== Task instructions ==
Give back exactly the lines from the "Auspuff für SAAB" line to the final line of the records, and only those, minus any pictures.
##### Extracted records #####
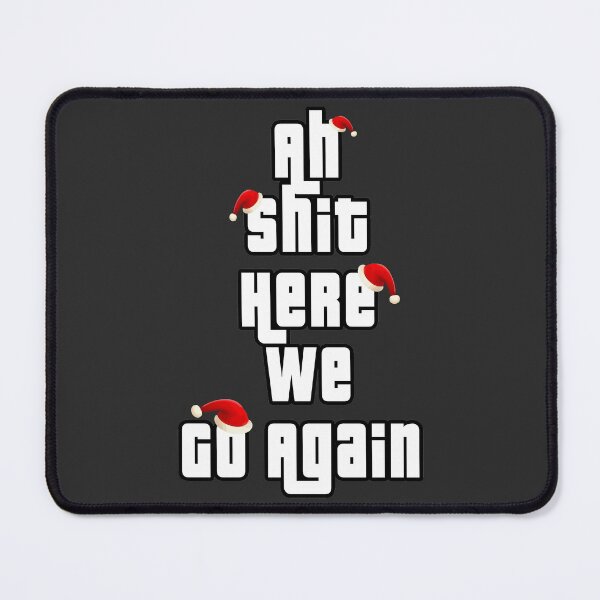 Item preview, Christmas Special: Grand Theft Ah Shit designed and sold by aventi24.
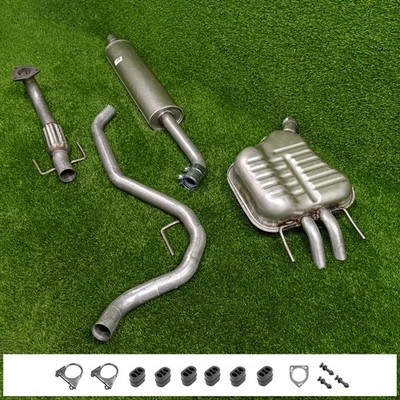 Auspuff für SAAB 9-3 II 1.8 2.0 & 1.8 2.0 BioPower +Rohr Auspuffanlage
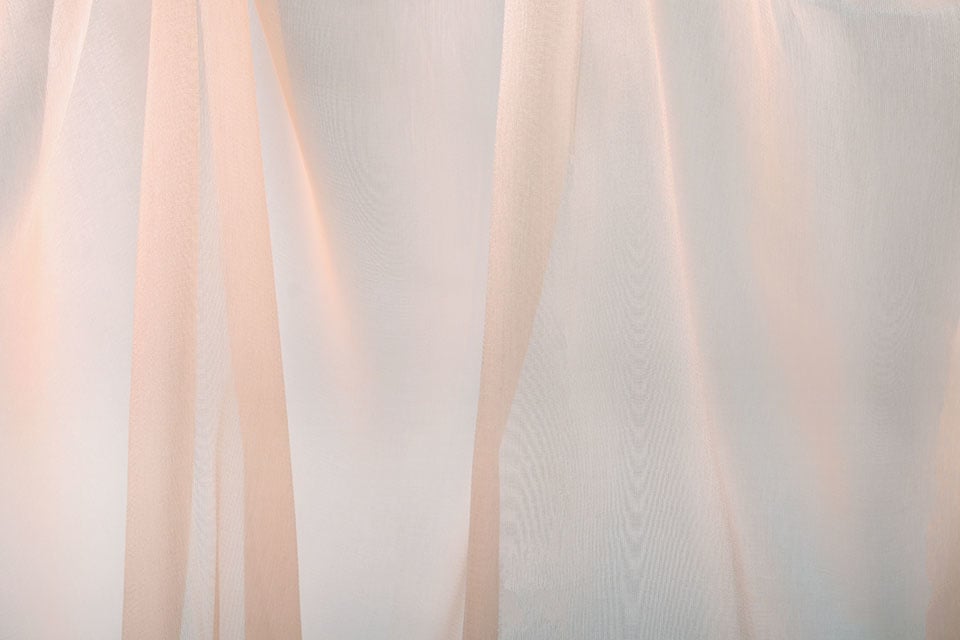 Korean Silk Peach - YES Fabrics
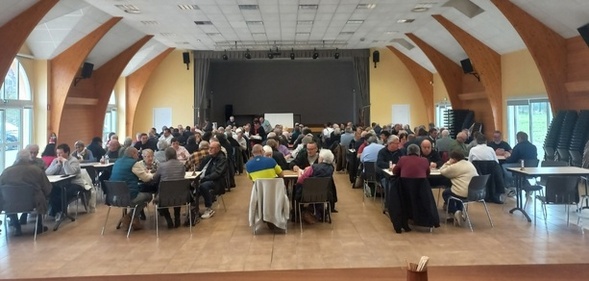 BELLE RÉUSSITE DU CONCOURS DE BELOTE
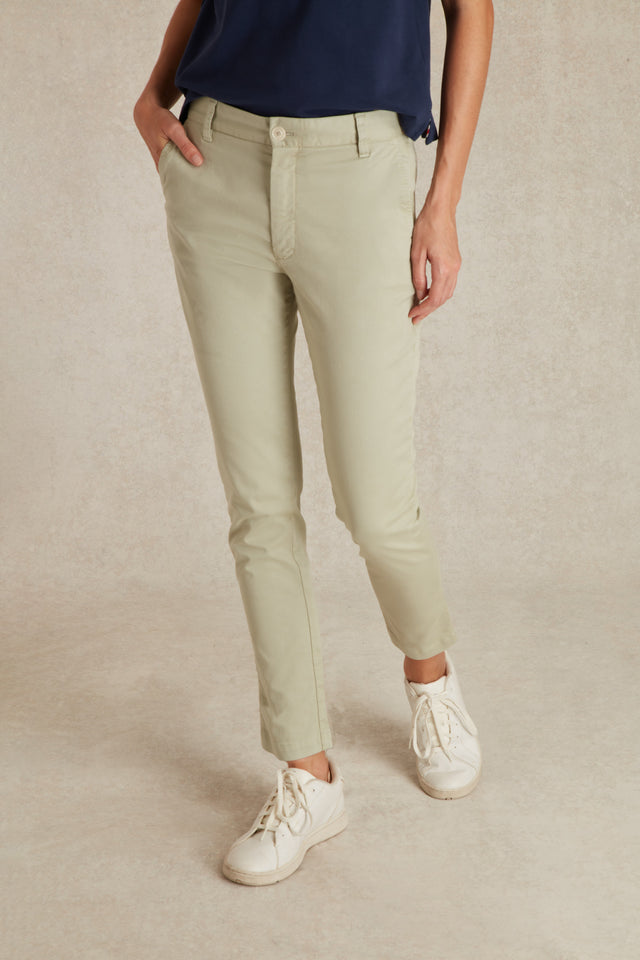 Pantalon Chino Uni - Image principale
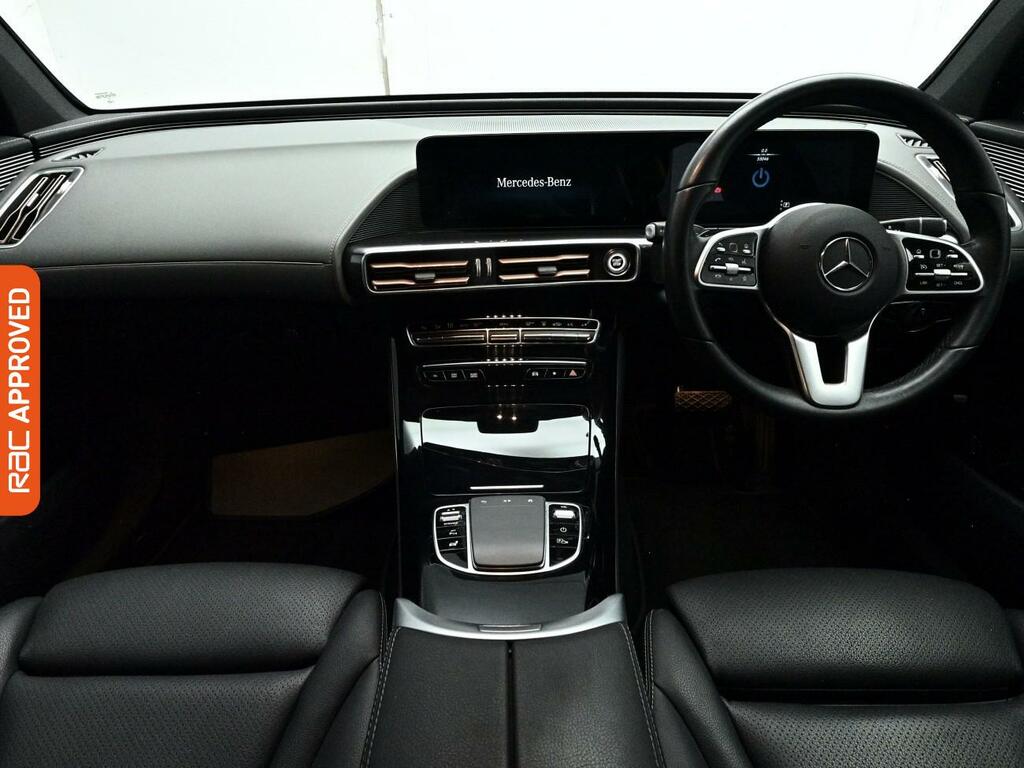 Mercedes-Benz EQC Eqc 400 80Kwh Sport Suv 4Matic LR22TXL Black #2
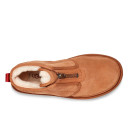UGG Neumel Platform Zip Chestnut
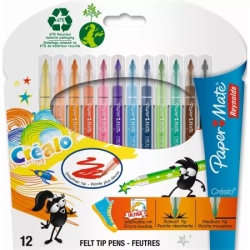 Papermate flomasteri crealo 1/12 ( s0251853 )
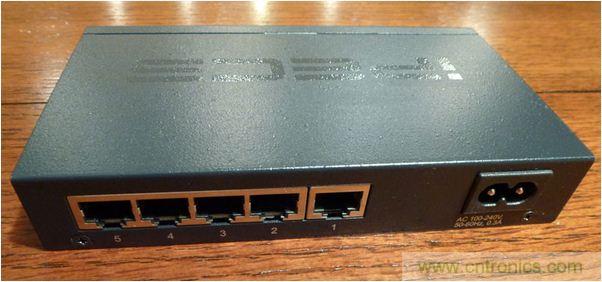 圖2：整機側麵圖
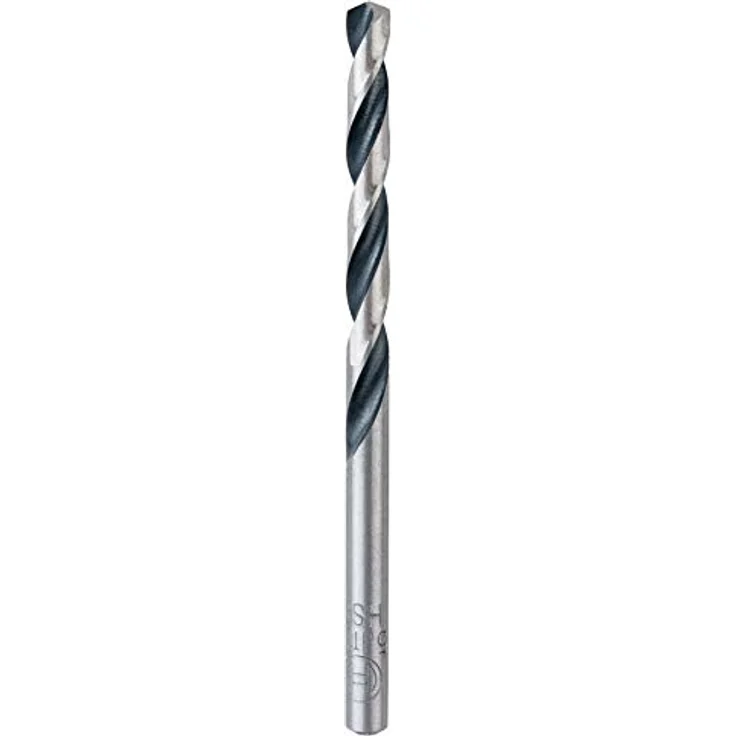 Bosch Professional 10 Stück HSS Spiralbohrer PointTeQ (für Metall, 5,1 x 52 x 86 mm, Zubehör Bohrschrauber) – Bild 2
#####
== Answer to this task ==
 Auspuff für SAAB 9-3 II 1.8 2.0 & 1.8 2.0 BioPower +Rohr Auspuffanlage
 Korean Silk Peach - YES Fabrics
 BELLE RÉUSSITE DU CONCOURS DE BELOTE
 Pantalon Chino Uni - Image principale
 Mercedes-Benz EQC Eqc 400 80Kwh Sport Suv 4Matic LR22TXL Black #2
UGG Neumel Platform Zip Chestnut
 Papermate flomasteri crealo 1/12 ( s0251853 )
 圖2：整機側麵圖
 Bosch Professional 10 Stück HSS Spiralbohrer PointTeQ (für Metall, 5,1 x 52 x 86 mm, Zubehör Bohrschrauber) – Bild 2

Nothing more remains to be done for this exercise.